** What is being asked **
What lines below contain the string "terrace"? List them all.

::: Data for analysis

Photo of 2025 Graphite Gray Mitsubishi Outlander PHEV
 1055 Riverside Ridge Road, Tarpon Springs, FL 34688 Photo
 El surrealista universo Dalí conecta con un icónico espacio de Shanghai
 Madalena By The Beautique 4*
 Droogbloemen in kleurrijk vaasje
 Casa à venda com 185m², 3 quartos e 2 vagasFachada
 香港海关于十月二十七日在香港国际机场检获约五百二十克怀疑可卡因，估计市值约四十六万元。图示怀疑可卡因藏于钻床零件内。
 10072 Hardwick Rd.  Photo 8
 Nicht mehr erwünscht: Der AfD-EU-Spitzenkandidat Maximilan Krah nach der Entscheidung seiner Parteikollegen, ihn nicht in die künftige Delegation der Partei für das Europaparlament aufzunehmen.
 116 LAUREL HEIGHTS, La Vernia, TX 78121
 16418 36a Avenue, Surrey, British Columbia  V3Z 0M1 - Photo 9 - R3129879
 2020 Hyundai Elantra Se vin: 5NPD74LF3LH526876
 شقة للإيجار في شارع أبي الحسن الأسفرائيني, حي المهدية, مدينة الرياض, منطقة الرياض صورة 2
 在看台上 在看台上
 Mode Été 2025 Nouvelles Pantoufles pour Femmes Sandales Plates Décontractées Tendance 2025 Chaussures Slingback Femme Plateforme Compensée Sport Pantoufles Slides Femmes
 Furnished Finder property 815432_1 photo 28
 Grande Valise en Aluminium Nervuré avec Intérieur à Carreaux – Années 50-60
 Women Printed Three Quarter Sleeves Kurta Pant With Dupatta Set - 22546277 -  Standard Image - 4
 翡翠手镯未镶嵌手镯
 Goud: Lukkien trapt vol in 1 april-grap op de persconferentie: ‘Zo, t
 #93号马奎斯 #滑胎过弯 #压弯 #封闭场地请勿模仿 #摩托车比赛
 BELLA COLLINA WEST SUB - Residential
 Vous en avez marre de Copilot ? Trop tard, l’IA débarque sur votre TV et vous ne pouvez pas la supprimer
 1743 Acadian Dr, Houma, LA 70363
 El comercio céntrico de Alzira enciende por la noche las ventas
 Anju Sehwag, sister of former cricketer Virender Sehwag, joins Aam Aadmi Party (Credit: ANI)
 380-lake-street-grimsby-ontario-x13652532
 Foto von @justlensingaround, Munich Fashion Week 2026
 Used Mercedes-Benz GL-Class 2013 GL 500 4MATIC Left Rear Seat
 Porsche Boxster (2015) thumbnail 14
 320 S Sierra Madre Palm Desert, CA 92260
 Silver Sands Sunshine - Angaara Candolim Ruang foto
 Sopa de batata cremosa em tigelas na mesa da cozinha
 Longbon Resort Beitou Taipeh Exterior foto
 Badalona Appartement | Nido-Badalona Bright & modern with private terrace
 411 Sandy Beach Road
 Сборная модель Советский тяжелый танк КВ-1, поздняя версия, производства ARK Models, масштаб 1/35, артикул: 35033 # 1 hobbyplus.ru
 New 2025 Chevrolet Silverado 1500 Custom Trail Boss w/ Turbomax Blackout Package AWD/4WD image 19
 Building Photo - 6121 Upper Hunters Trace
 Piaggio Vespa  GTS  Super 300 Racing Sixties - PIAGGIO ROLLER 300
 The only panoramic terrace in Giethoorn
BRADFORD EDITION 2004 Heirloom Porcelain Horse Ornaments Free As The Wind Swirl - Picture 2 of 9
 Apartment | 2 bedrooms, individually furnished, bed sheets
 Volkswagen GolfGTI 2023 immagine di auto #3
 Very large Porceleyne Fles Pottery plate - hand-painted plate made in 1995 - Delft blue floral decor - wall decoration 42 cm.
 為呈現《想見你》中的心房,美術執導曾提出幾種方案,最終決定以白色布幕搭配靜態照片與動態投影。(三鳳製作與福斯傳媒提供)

::::::

** Solved exercise **
 Badalona Appartement | Nido-Badalona Bright & modern with private terrace
 The only panoramic terrace in Giethoorn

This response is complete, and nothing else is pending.